Natural Gas Falls in New York as Recession Cuts Industrial Use
By Reg Curren
March 17 (Bloomberg) -- Natural gas fell for the eighth time in nine days in New York amid concern demand for fuels will deteriorate further during the recession in the U.S.
Gas usage declined in an economy battered by a slump in demand for manufactured goods and an increase in the unemployment rate to 8.1 percent in February. The worsening job picture may prompt the Federal Reserve’s Open Market Committee, meeting today and tomorrow, to take additional steps to steady the economy.
“Fundamentally, it looks terrible for gas and there’s so much supply,” said Brad Florer, a trader at Kottke Associates Inc. in Louisville, Kentucky. “I’m not looking at anything economically in a very bullish posture. It still all looks pretty bad to me.”
Natural gas for April delivery fell 3.8 cents, or 1 percent, to settle at $3.812 per million British thermal units at 2:58 p.m. on the New York Mercantile Exchange. Gas futures have declined 32 percent this year and are down 72 percent since reaching a 2008 high of $13.694 on July 2.
Production at factories, mines and utilities in the U.S. dropped 1.4 percent in February after a revised 1.9 percent decline in January, the Federal Reserve said yesterday. Industrial users and power plants each account for about 29 percent of gas consumption, Energy Department data show.
Industrial gas use will tumble about 6 percent to 17.1 billion cubic feet a day this year, the department said March 10 in its monthly Short-Term Energy Outlook. The estimate was down from 17.3 billion forecast in February.
Nucor Cutback
Nucor Corp., the largest U.S. steelmaker by market value, revised its first-quarter forecast from a profit to a loss because of lower-than-expected demand. Nucor’s steel mills will run at about 43 percent of capacity in the first quarter, down from 48 percent in the previous period, the company said today.
U.S. steel plants operated at 41 percent of capacity in the week ended March 14, compared with 90 percent in the same period a year earlier, the American Iron and Steel Institute said yesterday.
Gas inventories last week were 13 percent higher than the five-year average, a department report showed on March 12.
Above-average stockpiles and weak industrial demand will keep prices lower, said Cameron Horwitz, an analyst at SunTrust Robinson Humphrey Inc. in Houston.

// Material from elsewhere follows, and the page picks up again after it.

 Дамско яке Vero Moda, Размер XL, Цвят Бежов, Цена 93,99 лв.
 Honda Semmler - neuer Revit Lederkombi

“There’s plenty of gas out there,” he said. “Natural gas prices should remain subdued over the next several months.”
Industrial demand in February was down about 2 billion cubic feet a day, or 11 percent, from the same month a year earlier, said Horwitz.
He expects stockpiles at the end the winter heating season in two weeks to total about 1.7 trillion cubic feet, which may strain storage facilities later this year and keep a glut of supply. Stockpiles are increased between April and October for use during the cold-weather months, when demand is highest.
Inventories last week probably fell 25 billion cubic feet, according to the median of five analyst estimates compiled by Bloomberg. The average decline for the week is 61 billion, according to the Energy Department.